So O’Hara veered from the path that’d seemed so right for so long, that single-mindedness on space exploration, and applied for the research associate gig. She landed it, as an alternate. That “alternate” label meant an offer the next year, so O’Hara had to find a job in the interim.

Caroline had a friend who worked at Woods Hole Oceanographic Institution, a non-profit dedicated to advancing the knowledge of the ocean through science, engineering and education, and thought it could satisfy O’Hara’s exploratory inclinations. O’Hara found a position there as a mechanical engineer to design, build and test equipment and hardware. It appealed to her.

“I had gotten a taste of that at Purdue because I did a design, build, test class I took from Dr. Anderson. I got to design with a group of students, we designed and built and tested an experiment, so I got to do a little bit of hardware design, and I really enjoyed the whole design process, modeling parts and working with the machine shop, basic part design,” she said. “I saw that (WHOI) job posting, and it was kind of perfect.”

O’Hara was only intending to be at Woods Hole for a year, as a stop-gap to traversing Antarctica.

WHOI
O'Hara's work at Woods Hole Oceanographic Institution included an upgrade to Alvin.(Credit: WHOI)

Soon after she arrived, she was assigned work on an upgrade to the human-occupied research submersible Alvin. She liked working on bigger projects for manned vehicles, so she knew this project would be up her alley.

“And it’d be really cool to dive in a sub,” she said with a laugh.

So instead of taking the job in Antarctica, she stayed at Woods Hole. Ultimately, she participated in 11 research cruises aboard research vessels, including one in the 6-foot, 11-inch diameter sphere inside Alvin. She was wowed to realize that she was experiencing the ideal mix of engineering and operations, and she liked it.

She saw the whole Alvin project through — it lasted four years. She considered leaving WHOI several times to go back into aerospace, but, in the end, “I really loved working there.”
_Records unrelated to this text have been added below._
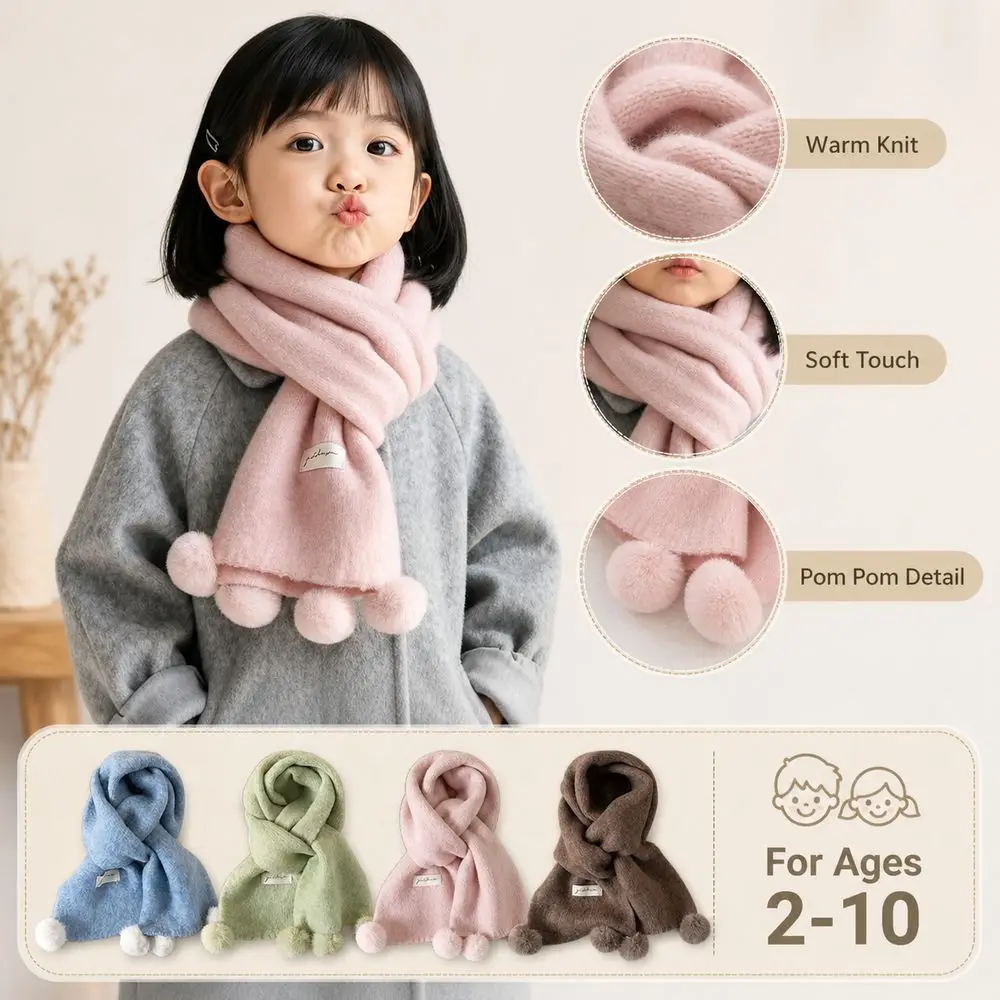 Gifts Knitted Pom Pom Scarf Solid Pom Pom Detail Children Knitted Scarf Warm Winter Scarf Boys and Girls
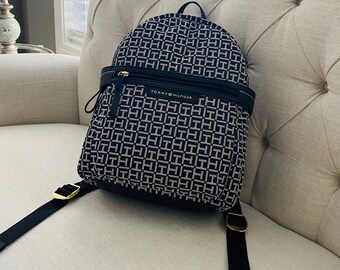 drawstring monogram tommy backpack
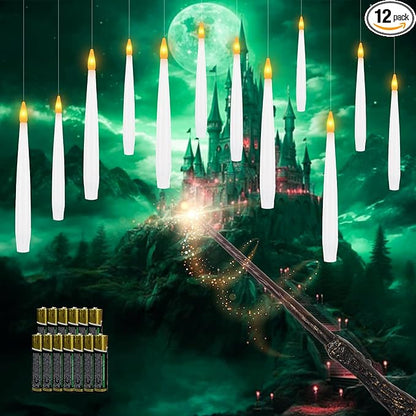 12 PCS Floating Candles with Wand LED Magic Hanging Candle Battery Operated Candle with 13 Batteries Include Flickering Warm Light Floating Candles for Christmas Halloween Decoration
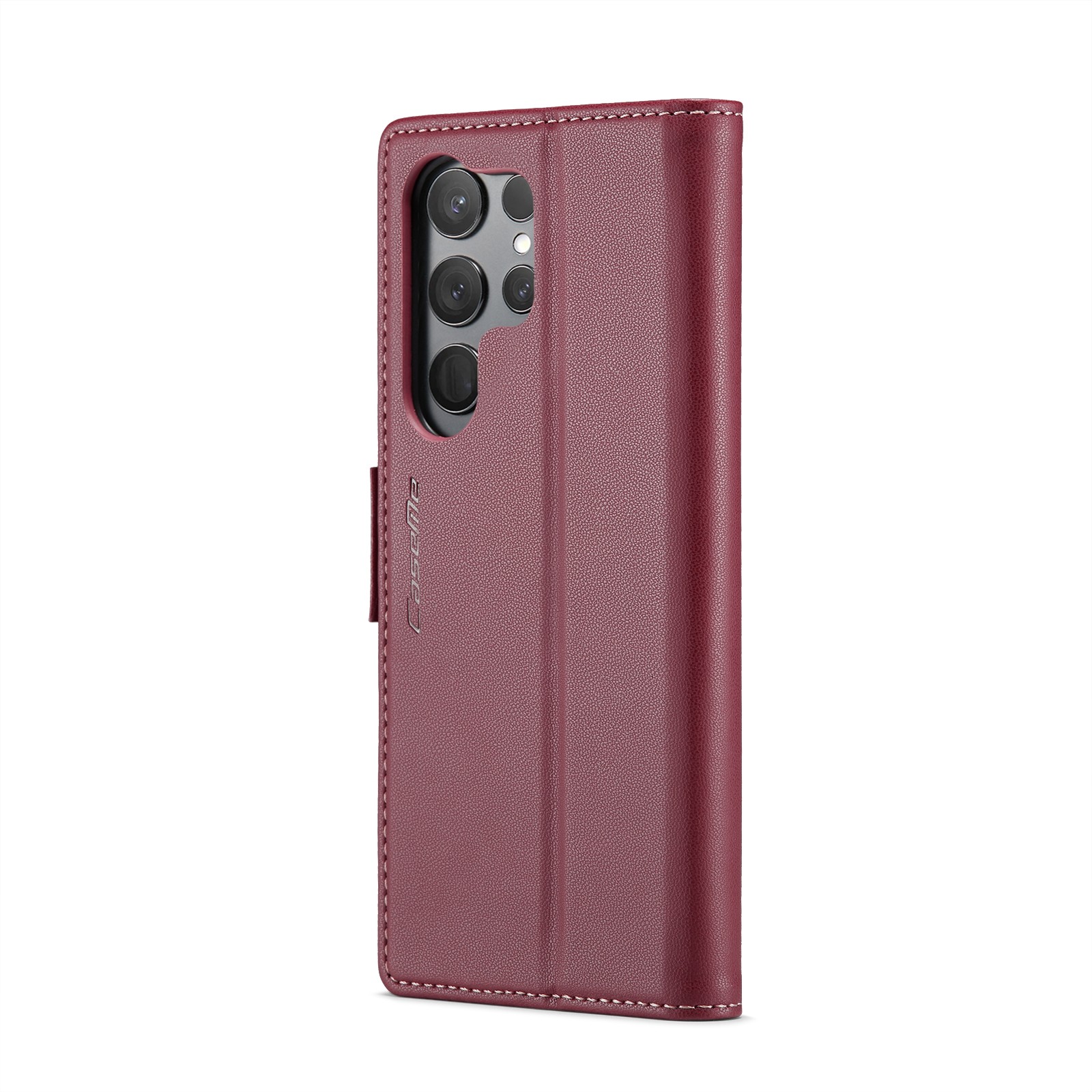 CaseMe 023 Samsung Galaxy S24 Ultra 5G RFID Θήκη Πορτοφόλι Δερμάτινη –Wine red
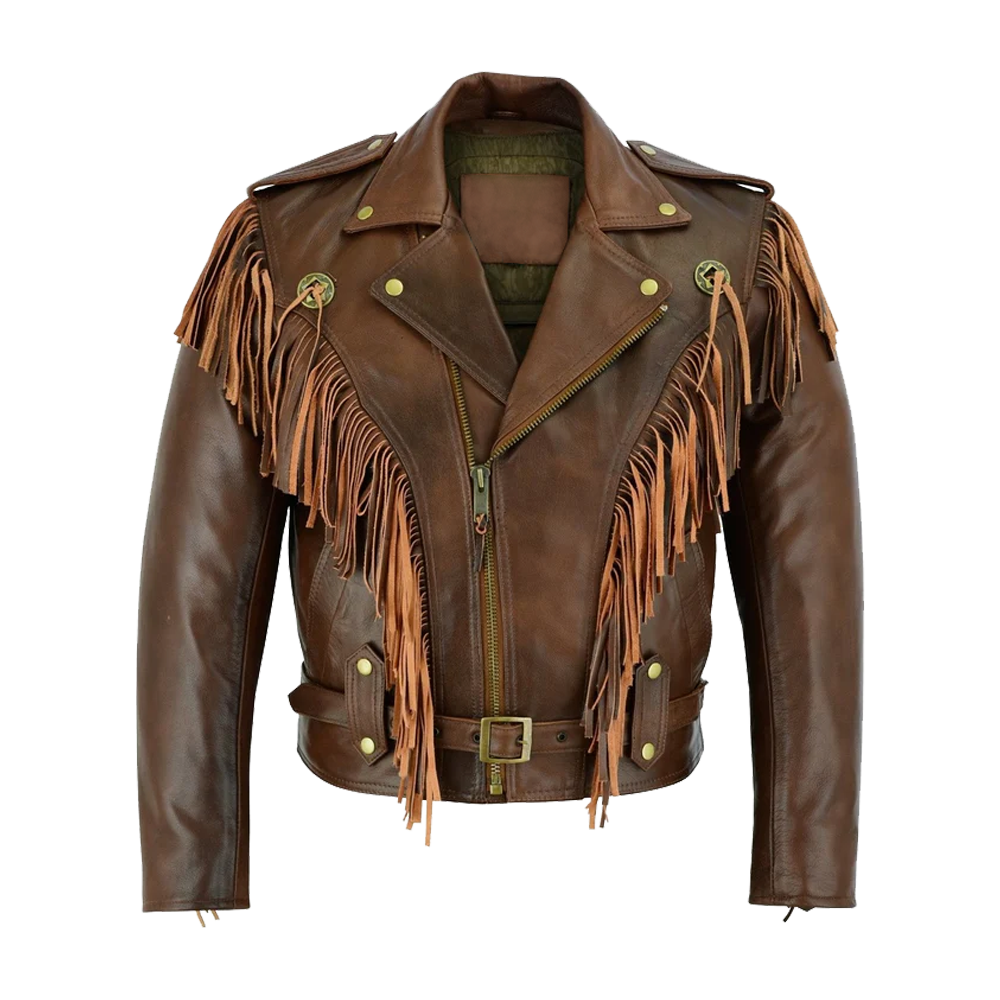 Brown Leather Biker with Fringe Detailing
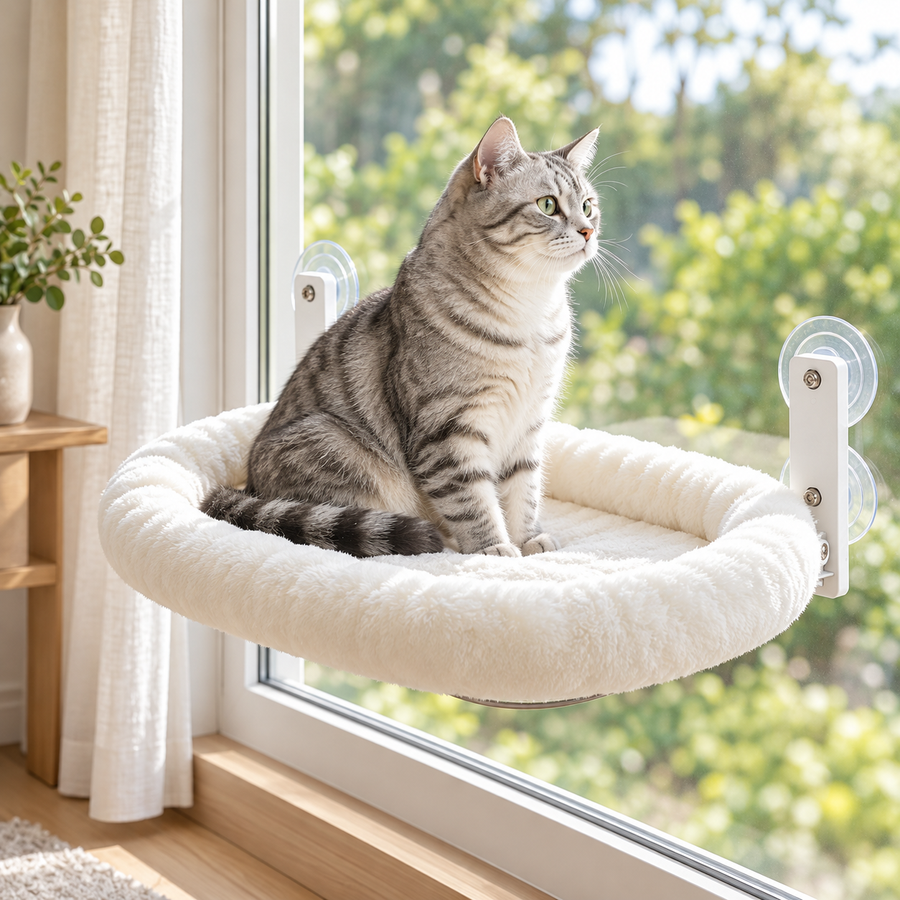 Cat watching outside from its plush window perch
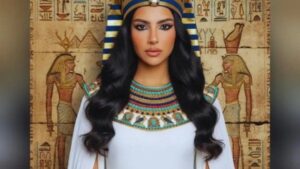 بالزي الفرعوني.. هدى المفتي تلفت الأنظار في حفل افتتاح المتحف المصري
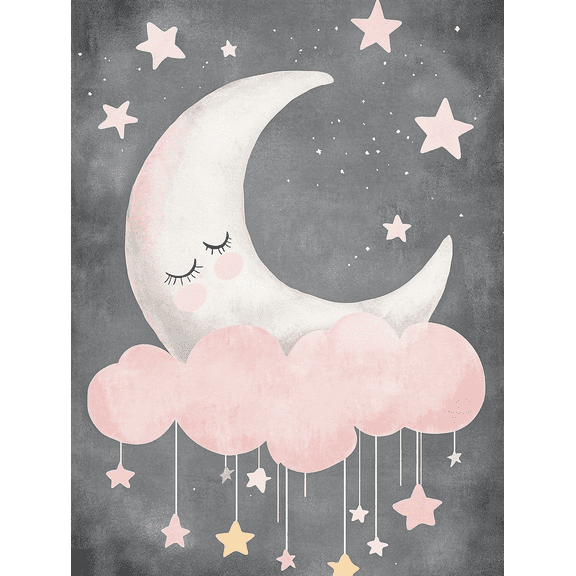 Qisvanset Sleeping Moon & Cloud Canvas Wall Art, 40x30cm for Nursery Girls Room Kids Room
“I liked the work I was doing. That was my trajectory, if I hadn’t come to NASA, to be a mostly operational person,” she said. “I liked the people I worked with. Got to travel all over the world and work with different scientists from all over the world. So it was cool, and it was exactly what I had been looking for.”

O’Hara also was developing skill sets at WHOI that, ultimately, amplified her application for NASA. She saw going to sea very much akin to going to a sea “of a different nature” in space, on a different kind of vehicle. Both environments and work do complex science and research in remote and very limited environments, providing the best kind of challenges.

O’Hara applied for the astronaut class a second time and third time while she was at WHOI.

The latter clicked.

Out of more than 18,000 applicants, she made the first cut of 120 to come for an in-person interview. The next cut down to 50 included a second round of in-person interviews. Then in June 2017, at the end of an 18-month-long process, she learned she was among 12 chosen for the Astronaut Candidate Class. She reported for duty in August 2017.

Ohara
O'Hara graduated from astronaut candidate training in January 2020. (Credit: NASA)

After two years of training that included instruction in ISS systems, spacewalk training in the Neutral Buoyancy Lab, robotics, T-38 flight training, and water and wilderness survival training, she graduated the astronaut candidate program and joined its corps in January 2020.

“My life has changed in every way possible,” she said in an interview February 2020. “Doing a job I’ve wanted to do since I was a little kid, sometimes it’s really surreal that I’m actually here working at NASA as an astronaut. Other times, it feels very similar. We’re still trying to do hard things with a great team of people and the challenges aren’t all that different.”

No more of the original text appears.